---------- MATERIAL PROVIDED ----------

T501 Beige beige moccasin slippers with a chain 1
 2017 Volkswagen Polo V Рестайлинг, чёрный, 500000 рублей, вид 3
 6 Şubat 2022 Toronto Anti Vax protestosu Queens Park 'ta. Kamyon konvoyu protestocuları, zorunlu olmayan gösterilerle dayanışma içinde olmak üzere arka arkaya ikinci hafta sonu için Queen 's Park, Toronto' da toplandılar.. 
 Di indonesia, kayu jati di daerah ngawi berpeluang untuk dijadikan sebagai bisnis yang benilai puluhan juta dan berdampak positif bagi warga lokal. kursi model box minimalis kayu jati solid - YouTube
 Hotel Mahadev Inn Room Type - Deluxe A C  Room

----------

## EXERCISE GOAL
All that is wanted is the line with "6 Şubat 2022" and every later line in the entries, reproduced exactly.

## YOUR RESPONSE
 6 Şubat 2022 Toronto Anti Vax protestosu Queens Park 'ta. Kamyon konvoyu protestocuları, zorunlu olmayan gösterilerle dayanışma içinde olmak üzere arka arkaya ikinci hafta sonu için Queen 's Park, Toronto' da toplandılar.. 
 Di indonesia, kayu jati di daerah ngawi berpeluang untuk dijadikan sebagai bisnis yang benilai puluhan juta dan berdampak positif bagi warga lokal. kursi model box minimalis kayu jati solid - YouTube
 Hotel Mahadev Inn Room Type - Deluxe A C  Room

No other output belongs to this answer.